We report on a comparative study where the restrictive policy (Category 1: no GenAI use) was applied to one module (TT284 Web Technologies), while the permissive policy (Category 2: responsible use encouraged) was implemented in another (TM252 Web Technologies). Comparisons between student behaviour on these modules are particularly valuable since TM252 is the direct replacement of TT284 and the student cohorts will have the same academic profile. We can also exclude the impact of developments in GenAI capabilities over time from having an impact since the final presentation of TT284 and the first presentation of TM252 were running contemporaneously.

Student experiences were evaluated across two key assessment components in the three Tutor Marked Assessments (TMAs) and the End of Module Assessment (EMA): practical programming tasks and technical report writing.

Our findings reveal mixed outcomes for both approaches. Students subject to the prohibition (Category 1) in TT284 expressed frustration and reported difficulties in keeping pace with industry-standard practices, academic conduct referrals were higher due to suspected GenAI use and tutors were frustrated that there was little they could do to prevent this. Those allowed discretionary use (Category 2) in TM252 demonstrated varying levels of judgment regarding appropriate application of GenAI, academic conduct referrals were significantly lower and tutors felt empowered to educate students on appropriate academic usage through the inclusion of prompts used as referenced and cited sources. Interestingly, the impact differed between coding and writing tasks, with students showing different competency development patterns depending on the policy applied.

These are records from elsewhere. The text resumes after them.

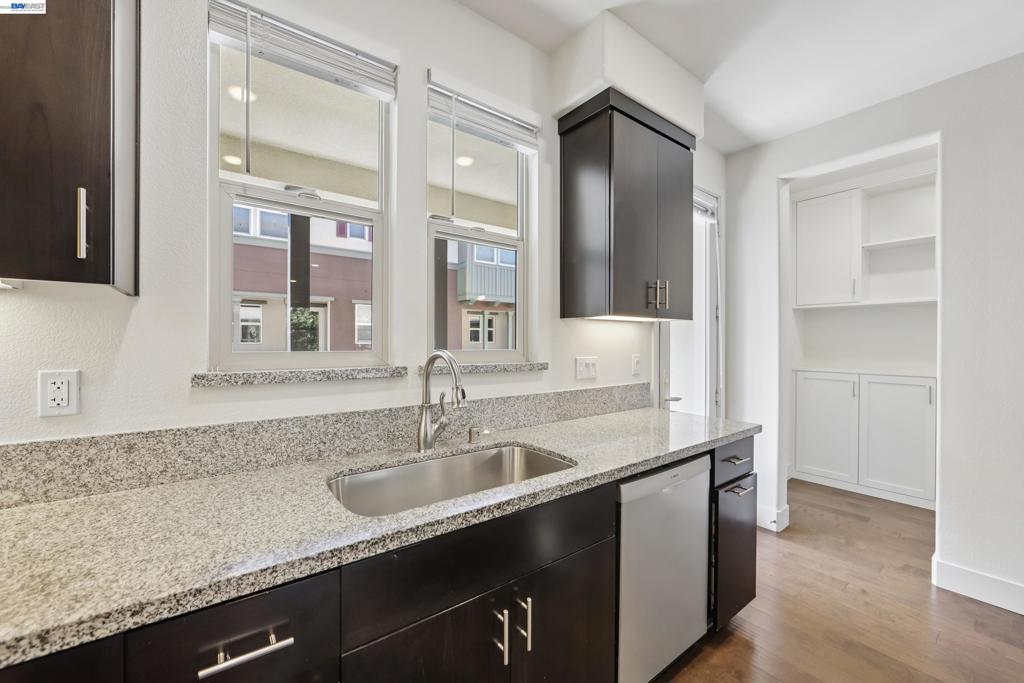 457 Diller Street Property Photo 23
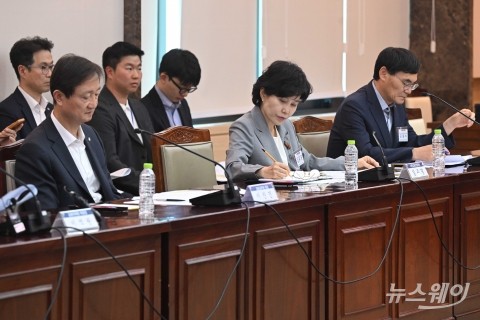 출범회의 자료 살펴보는 이찬진·김은경·김성식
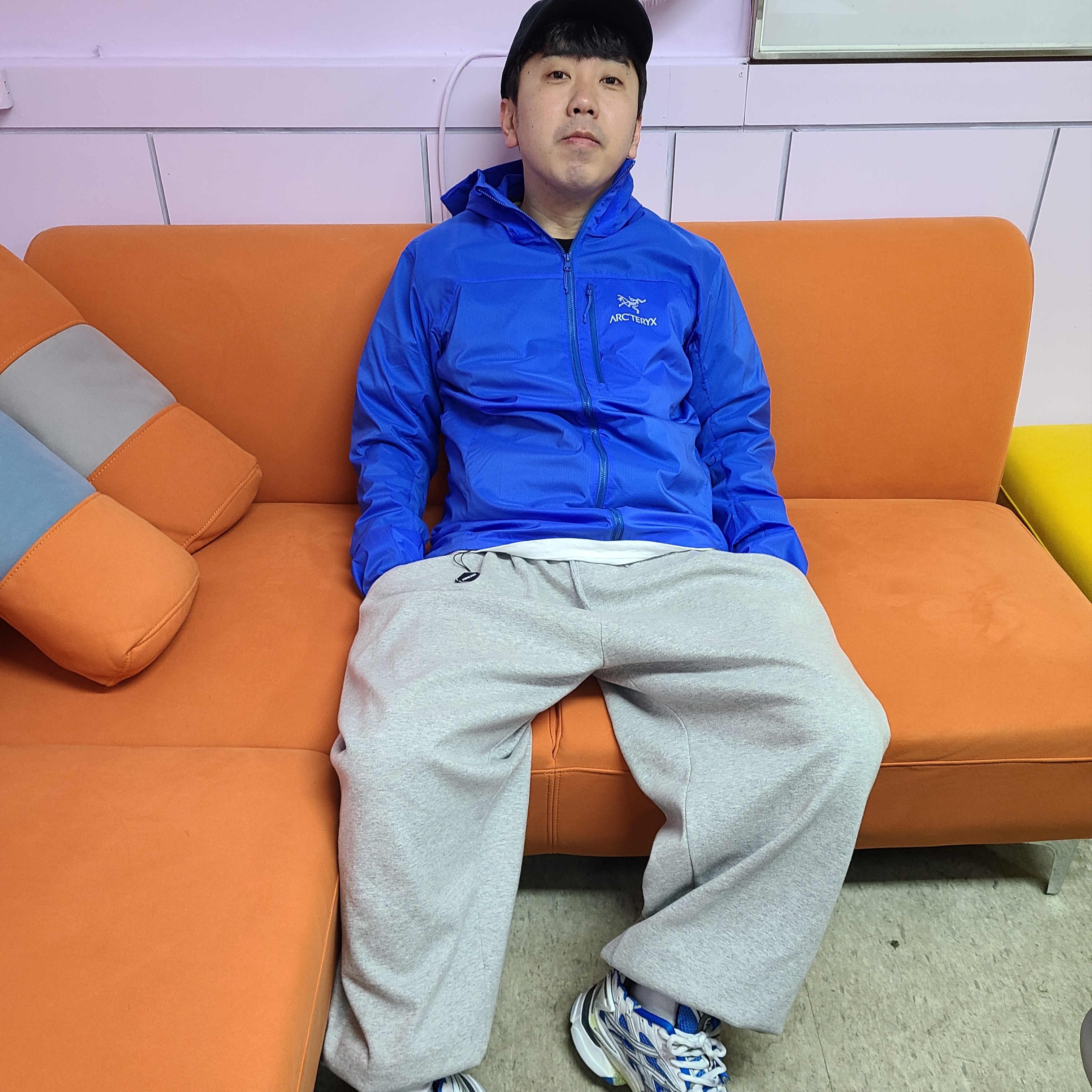 Arc'teryx Squamish Hoody Fluidity, Balenciaga Runner Sneakers Blue White 착용 스타일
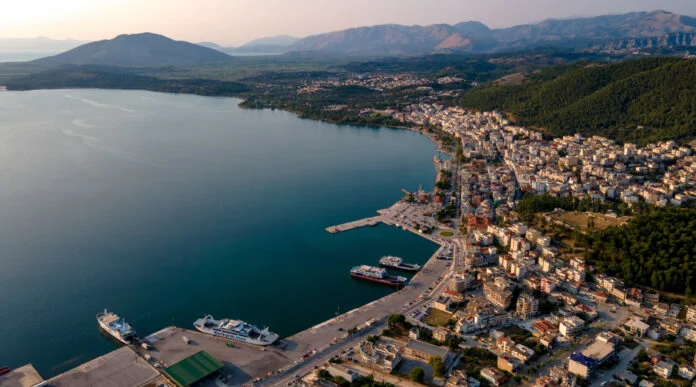 Ηγουμενίτσα: Πρόσκρουση πλοίων στο λιμάνι – Δεν αναφέρθηκαν τραυματισμοί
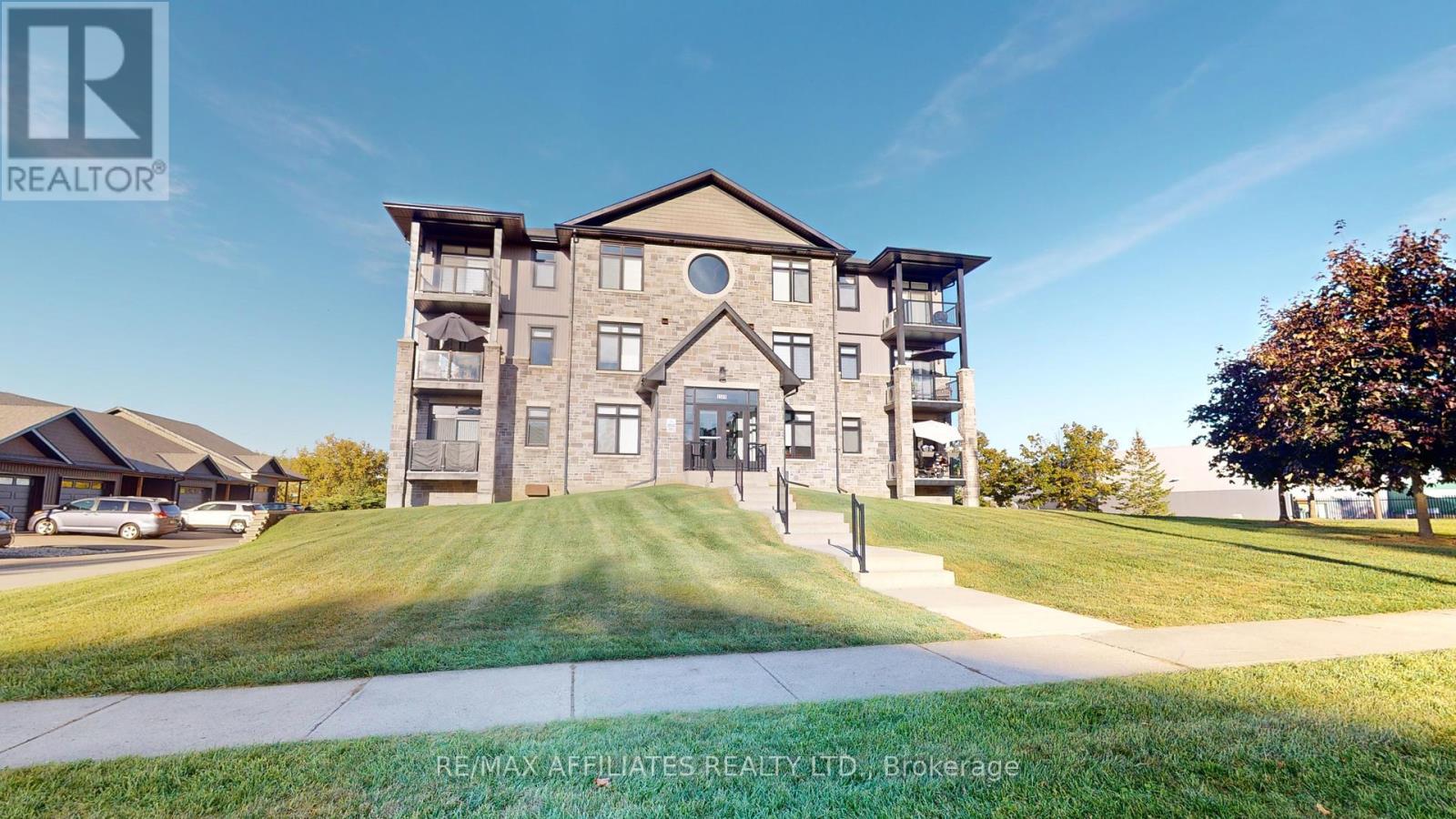 302 - 1109 Millwood Avenue, Brockville, Ontario  K6V 0C7 - Photo 3 - X12420929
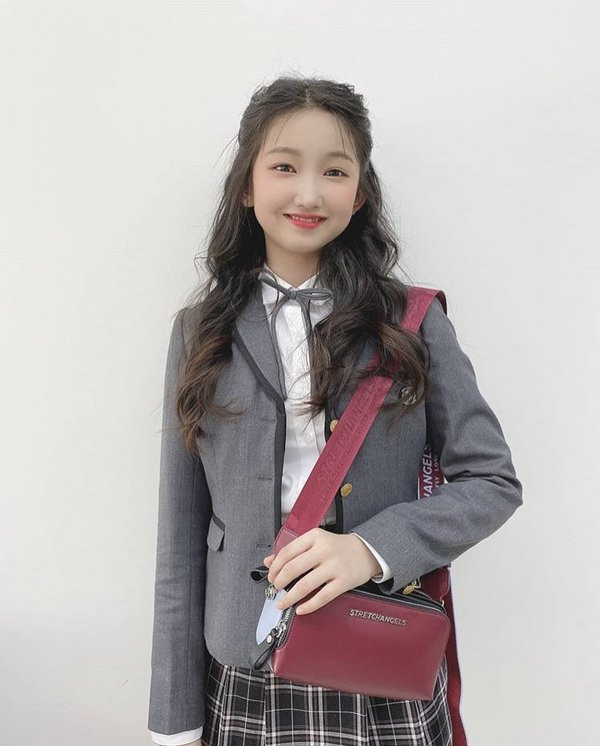 Xuất hiện tân binh K-Pop trẻ con đến mức khiến fan tưởng nhi đồng đi lạc ảnh 2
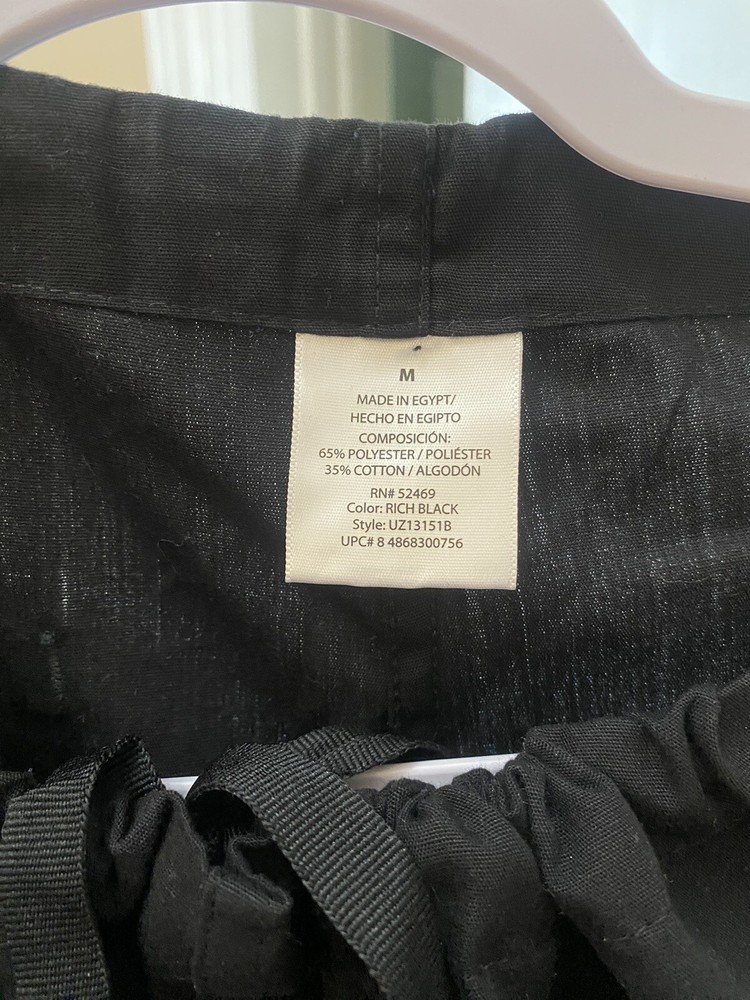 Women’s Scrub Sets (3)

This research contributes to the ongoing debate about balancing academic integrity with preparing students for AI-augmented professional environments. We discuss the implications for assessment design, the challenges of enforcement versus education, and propose recommendations for developing more nuanced, context-sensitive GenAI policies in computing education.
Keywords:
Generative AI, assessment policy, academic integrity, computing education, responsible use.